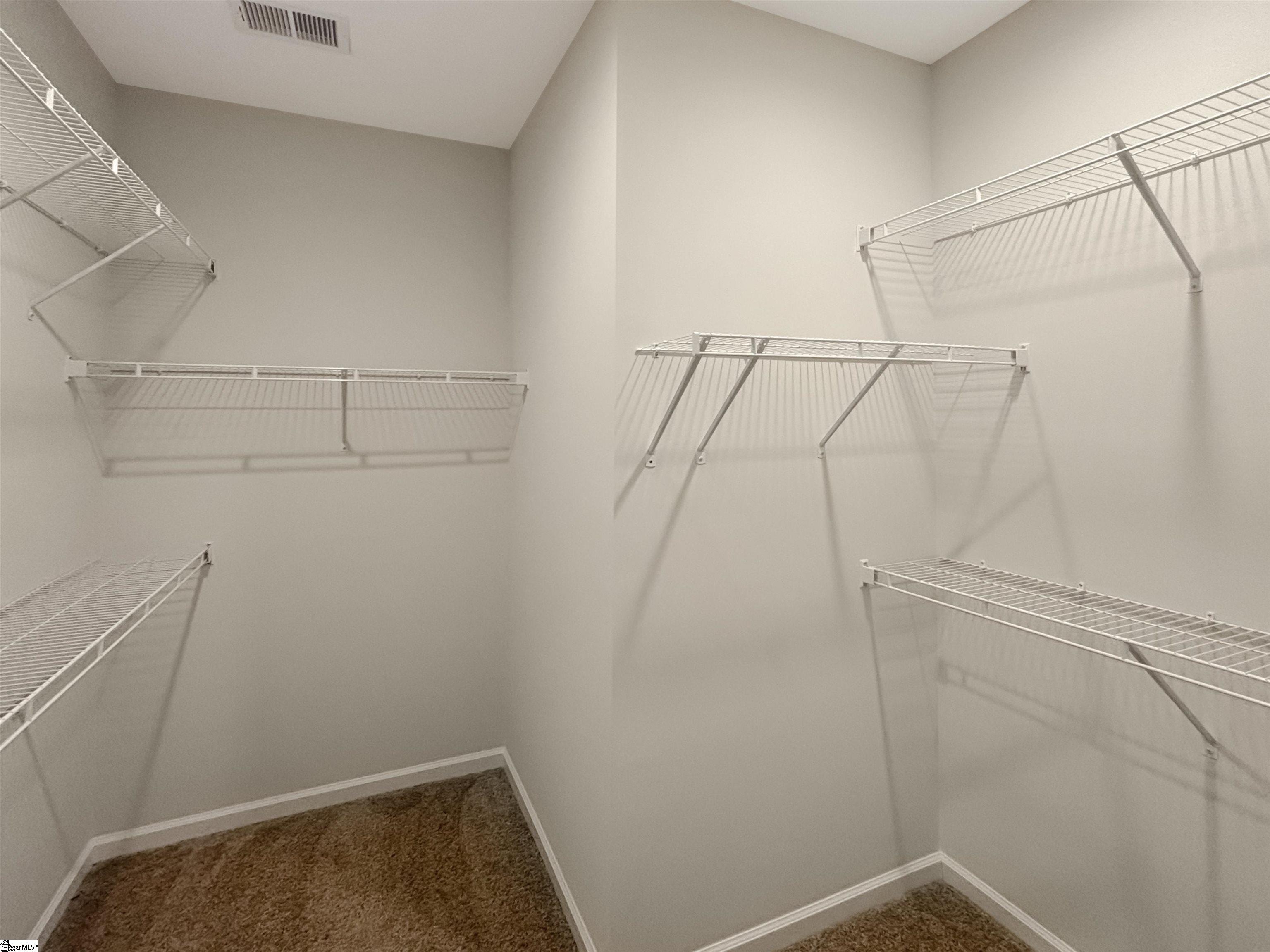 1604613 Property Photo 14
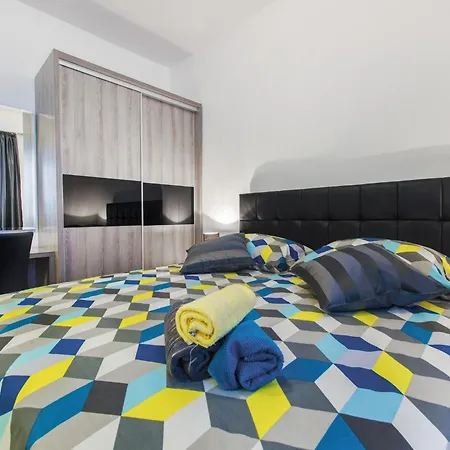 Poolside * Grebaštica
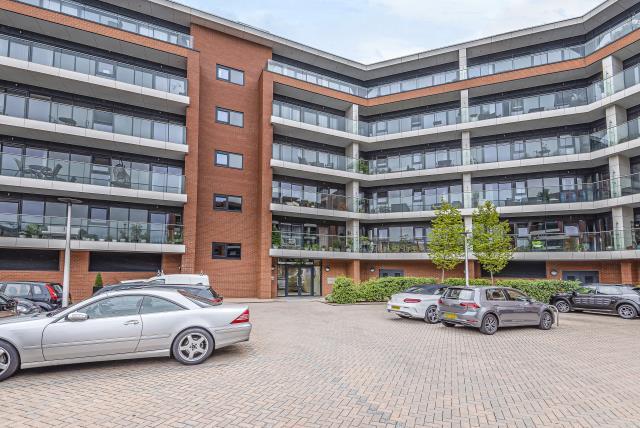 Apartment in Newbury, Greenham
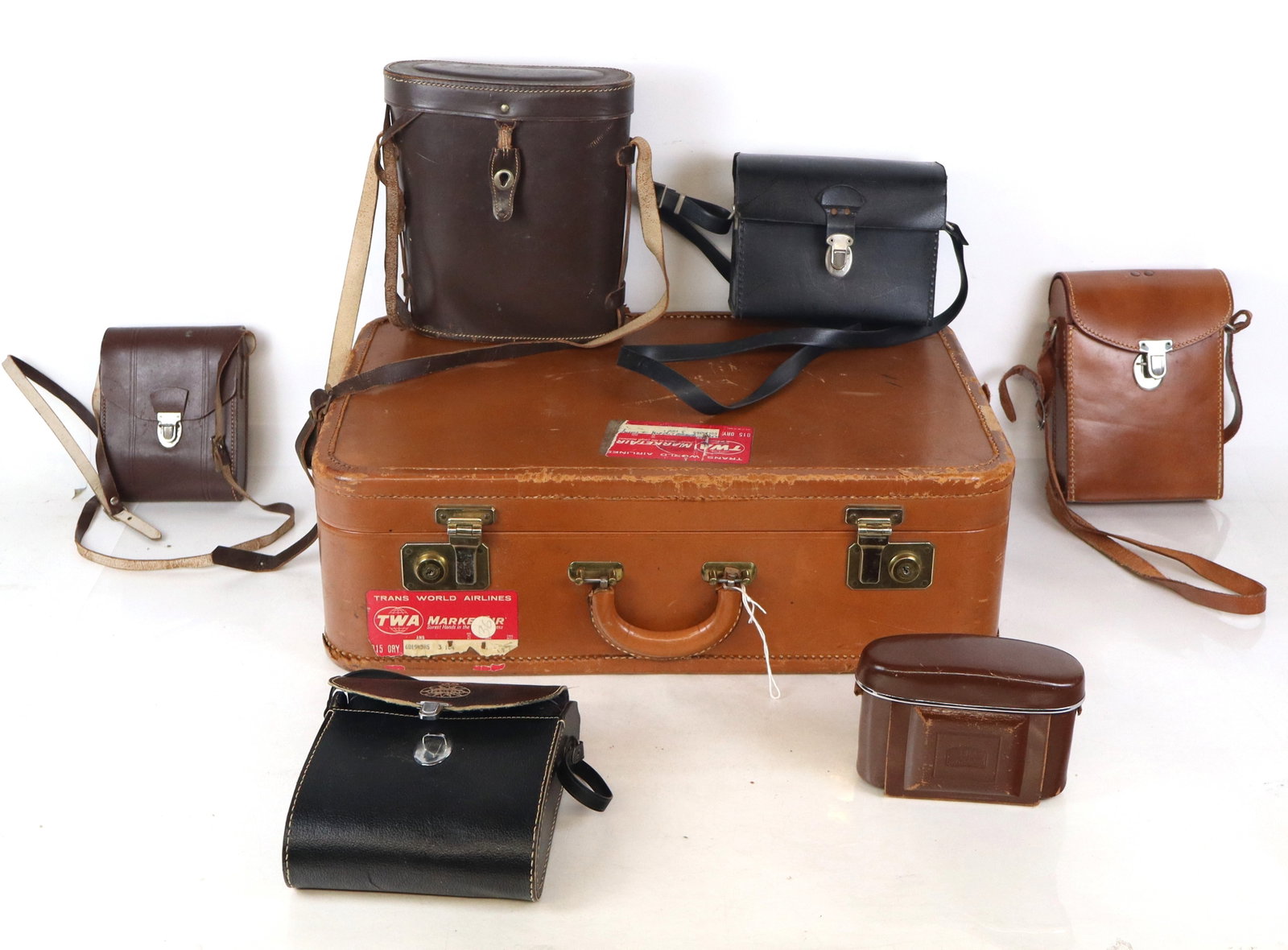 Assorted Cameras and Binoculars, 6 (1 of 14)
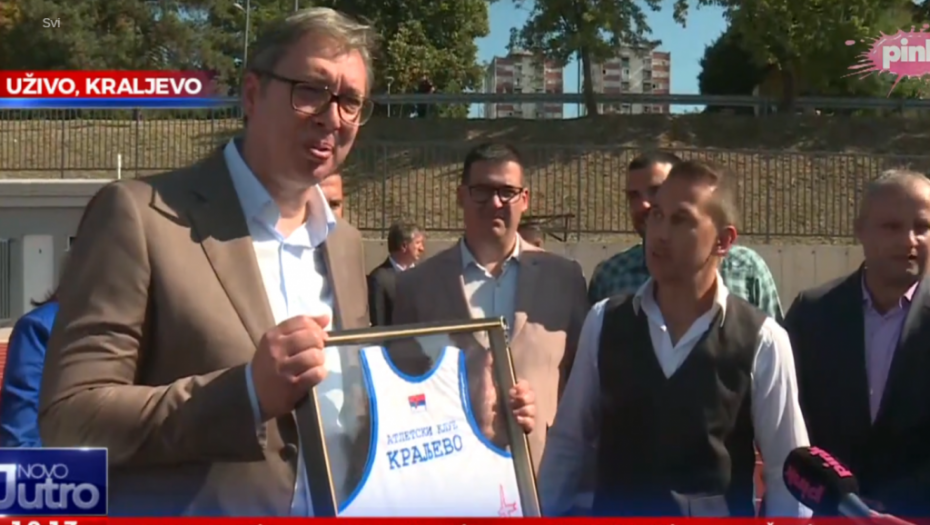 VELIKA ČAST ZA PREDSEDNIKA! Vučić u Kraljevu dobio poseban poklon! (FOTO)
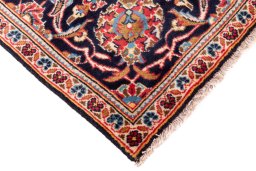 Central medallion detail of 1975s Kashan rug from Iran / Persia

──────

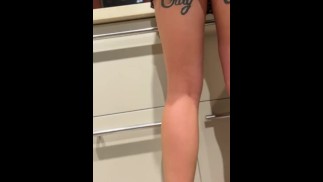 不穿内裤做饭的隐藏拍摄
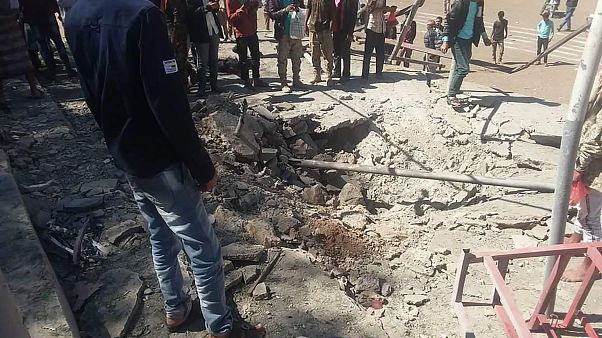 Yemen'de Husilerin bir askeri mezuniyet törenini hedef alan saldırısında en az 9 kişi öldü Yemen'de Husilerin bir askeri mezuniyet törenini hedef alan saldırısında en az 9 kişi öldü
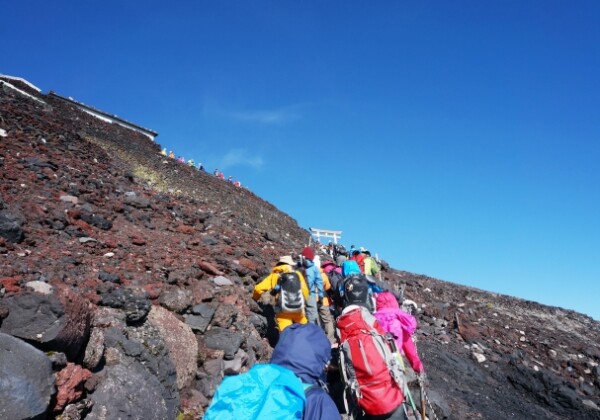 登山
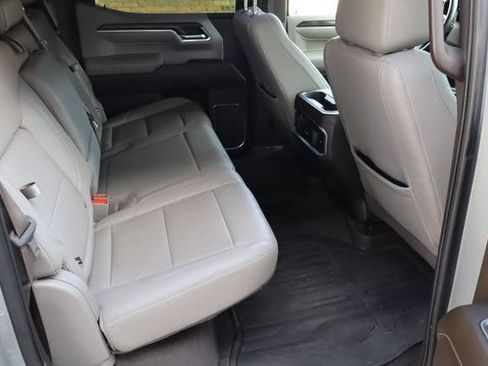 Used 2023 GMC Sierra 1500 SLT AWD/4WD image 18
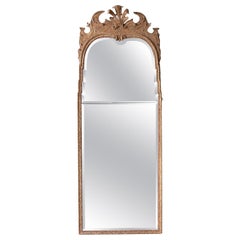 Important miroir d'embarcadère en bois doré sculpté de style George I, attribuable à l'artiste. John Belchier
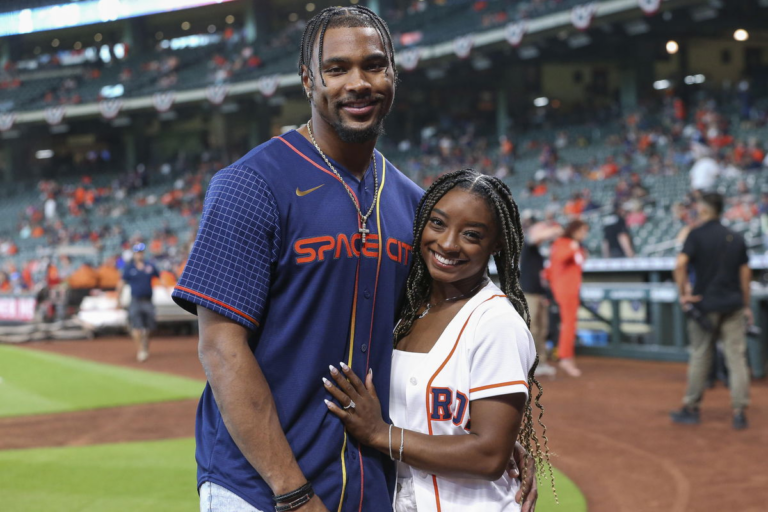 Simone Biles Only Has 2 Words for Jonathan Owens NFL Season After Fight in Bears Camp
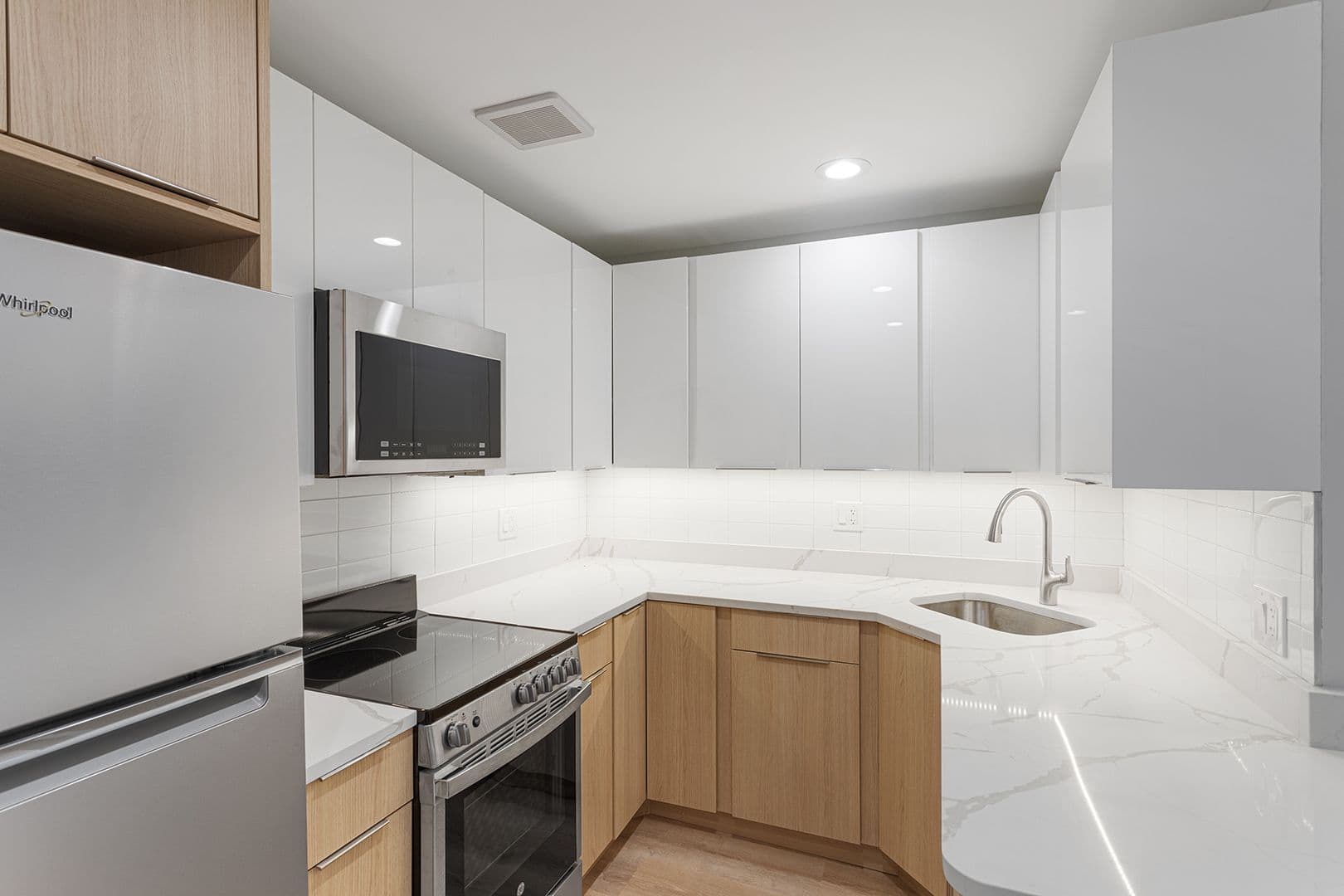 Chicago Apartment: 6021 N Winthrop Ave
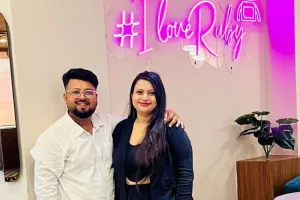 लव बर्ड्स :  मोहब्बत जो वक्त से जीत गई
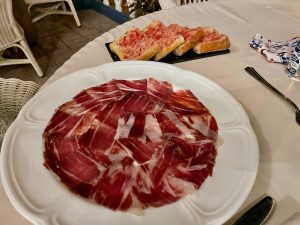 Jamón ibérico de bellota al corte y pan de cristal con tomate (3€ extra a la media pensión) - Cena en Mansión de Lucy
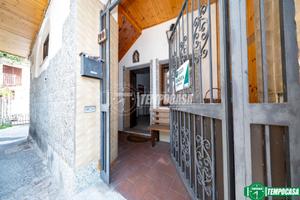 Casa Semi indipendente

──────

__TASK PROMPT__. From the material above, reproduce only what runs from the line holding "1604613 Property Photo 14" down to the line holding "Central medallion detail", both included, pictures excluded.

__EXERCISE SOLUTION__.
 1604613 Property Photo 14
 Poolside * Grebaštica
 Apartment in Newbury, Greenham
 Assorted Cameras and Binoculars, 6 (1 of 14)
 VELIKA ČAST ZA PREDSEDNIKA! Vučić u Kraljevu dobio poseban poklon! (FOTO)
 Central medallion detail of 1975s Kashan rug from Iran / Persia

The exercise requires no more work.